■ **Exercise data**

******

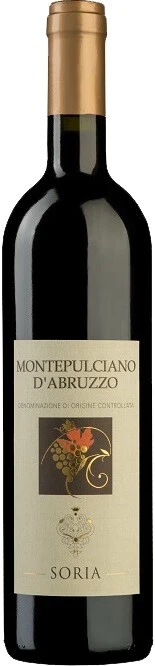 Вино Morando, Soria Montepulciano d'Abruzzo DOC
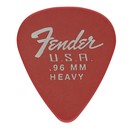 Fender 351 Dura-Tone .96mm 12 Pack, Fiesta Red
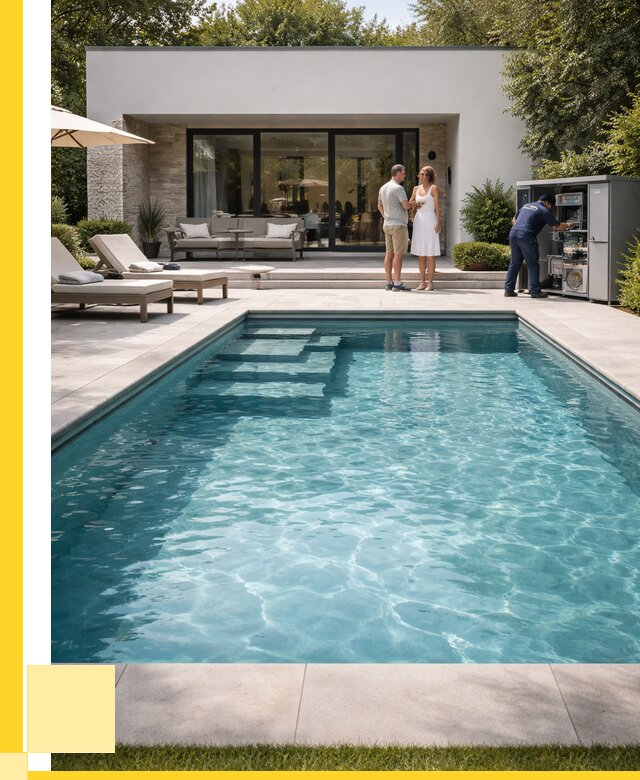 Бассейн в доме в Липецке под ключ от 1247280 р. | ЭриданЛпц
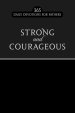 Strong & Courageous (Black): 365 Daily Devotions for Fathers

******

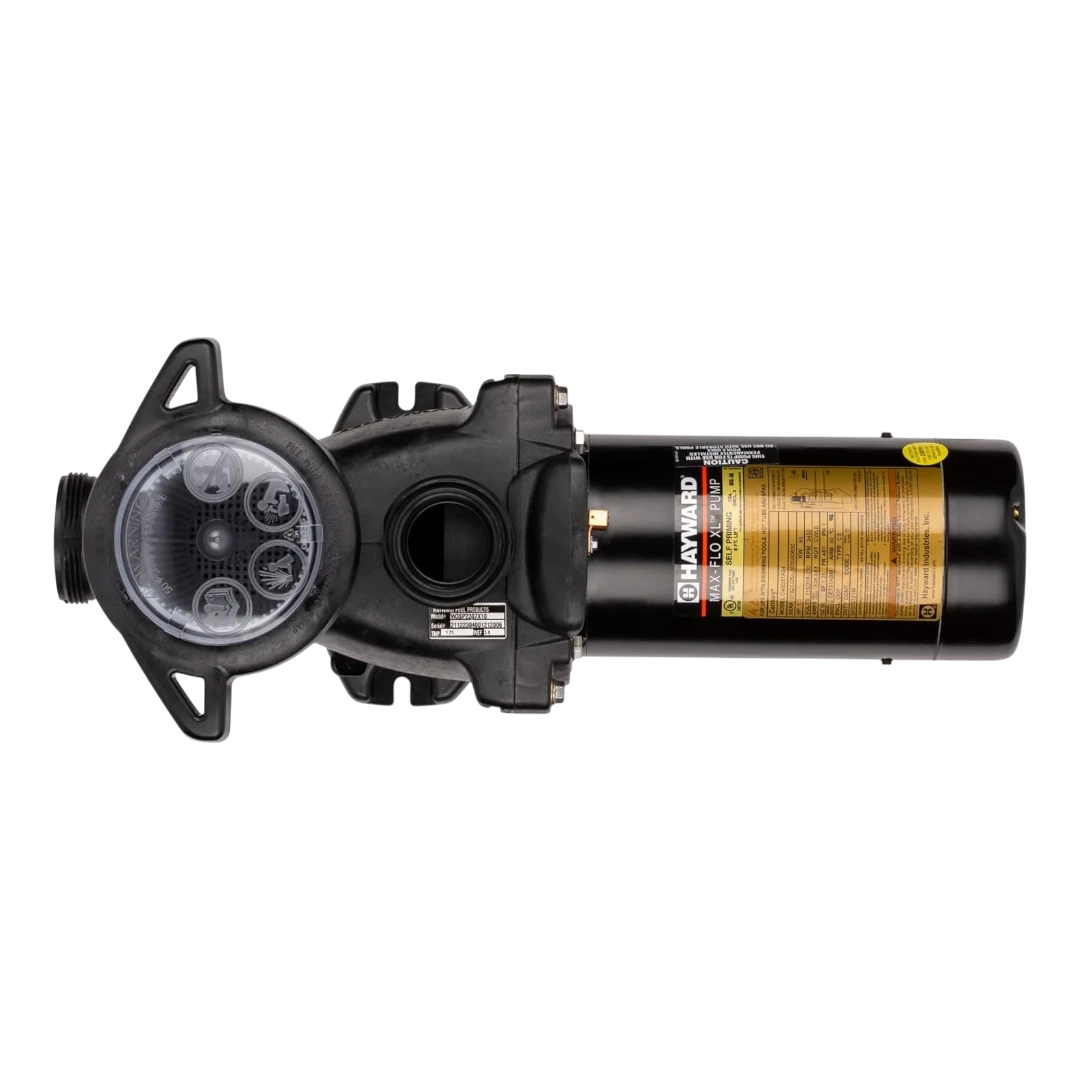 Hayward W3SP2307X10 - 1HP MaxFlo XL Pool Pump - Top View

******

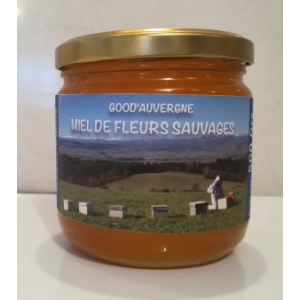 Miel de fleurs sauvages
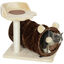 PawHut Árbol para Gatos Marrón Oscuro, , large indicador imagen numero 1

******

■ **Brief**
In the entries above, every line from the line with "Бассейн в доме" to the line with "Strong & Courageous" is to be printed exactly, with both ends included and pictures excluded.

■ **Response for this exercise**
 Бассейн в доме в Липецке под ключ от 1247280 р. | ЭриданЛпц
 Strong & Courageous (Black): 365 Daily Devotions for Fathers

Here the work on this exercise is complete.